*DIRECTIONS*:
Wherever a picture appears, leave it out; set down everything else in the records exactly.

*DATA SHOWN*:
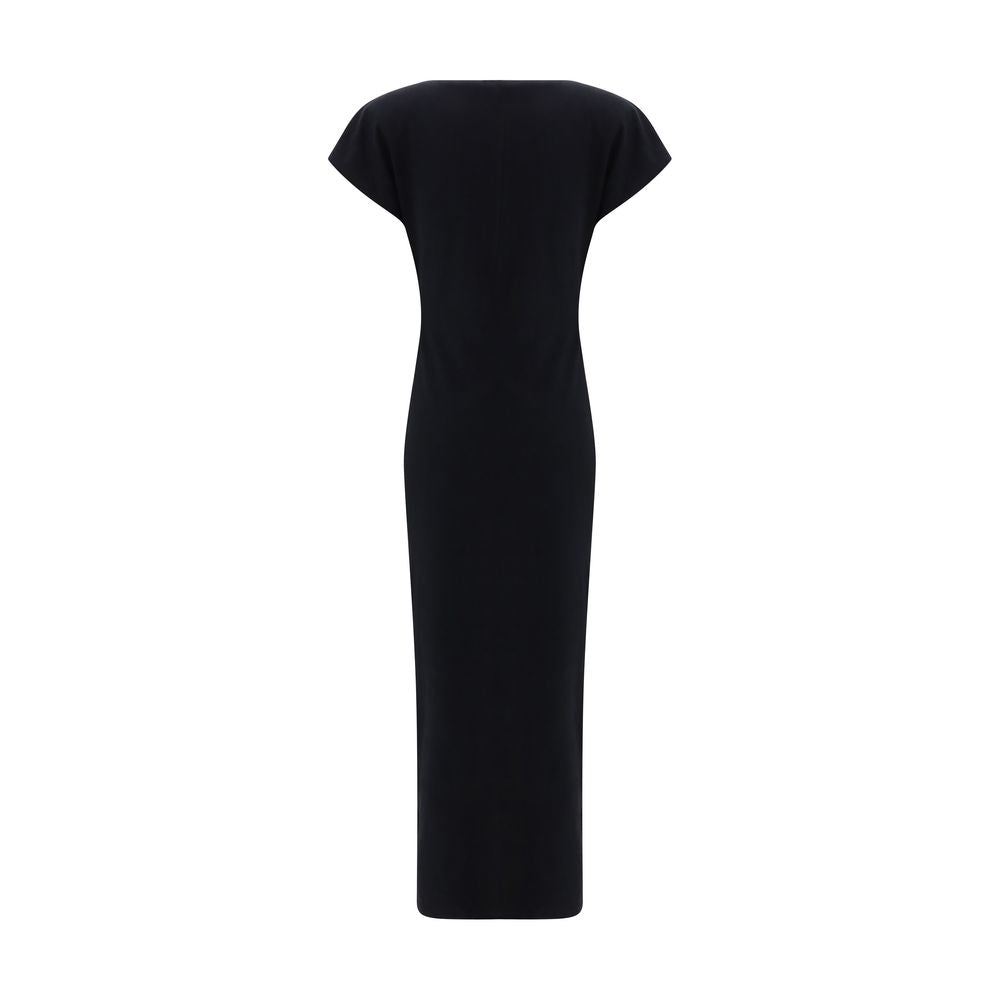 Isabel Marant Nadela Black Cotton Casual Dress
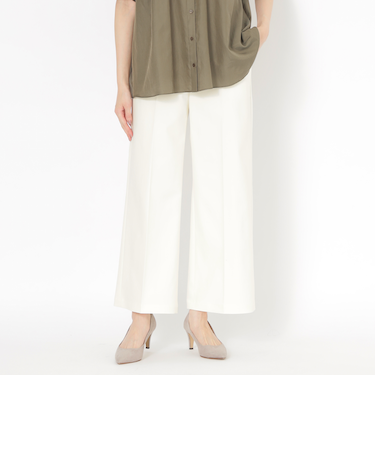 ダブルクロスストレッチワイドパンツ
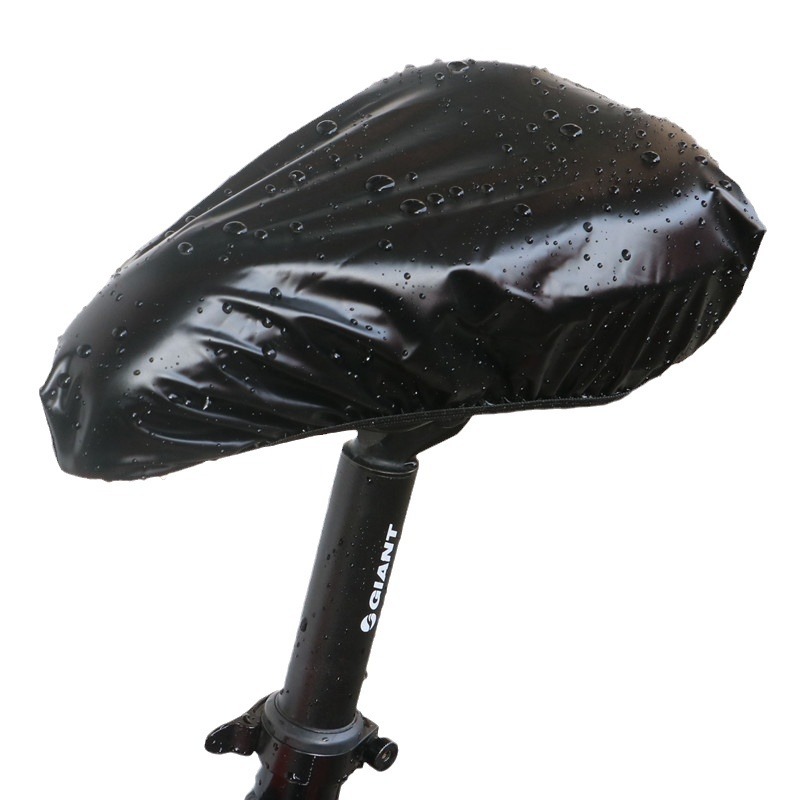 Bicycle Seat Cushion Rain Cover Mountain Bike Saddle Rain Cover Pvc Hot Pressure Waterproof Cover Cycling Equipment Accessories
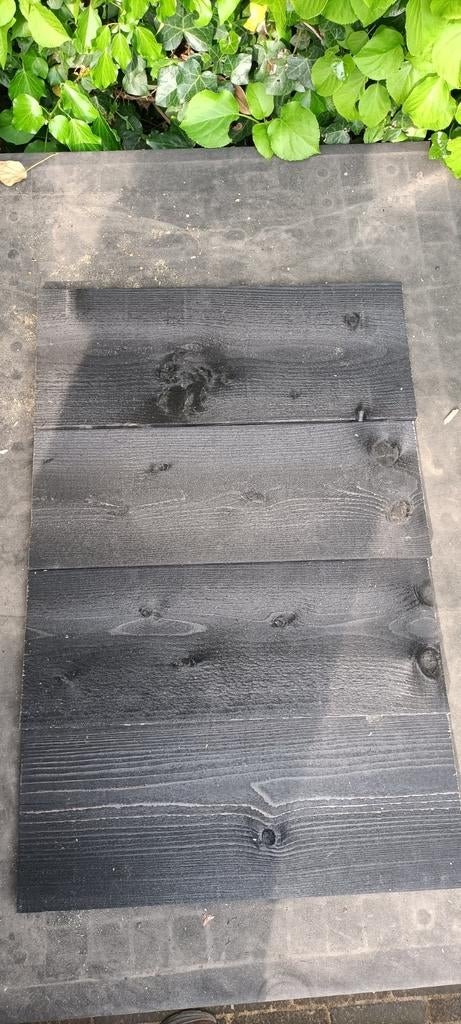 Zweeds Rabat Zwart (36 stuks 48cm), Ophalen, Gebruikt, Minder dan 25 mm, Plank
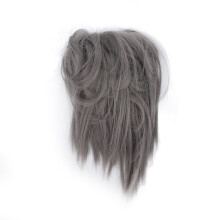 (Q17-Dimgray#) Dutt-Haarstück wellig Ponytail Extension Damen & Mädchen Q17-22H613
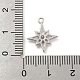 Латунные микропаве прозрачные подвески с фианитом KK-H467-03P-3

*SOLUTION*:
 Isabel Marant Nadela Black Cotton Casual Dress
 ダブルクロスストレッチワイドパンツ
 Bicycle Seat Cushion Rain Cover Mountain Bike Saddle Rain Cover Pvc Hot Pressure Waterproof Cover Cycling Equipment Accessories
 Zweeds Rabat Zwart (36 stuks 48cm), Ophalen, Gebruikt, Minder dan 25 mm, Plank
 (Q17-Dimgray#) Dutt-Haarstück wellig Ponytail Extension Damen & Mädchen Q17-22H613
 Латунные микропаве прозрачные подвески с фианитом KK-H467-03P-3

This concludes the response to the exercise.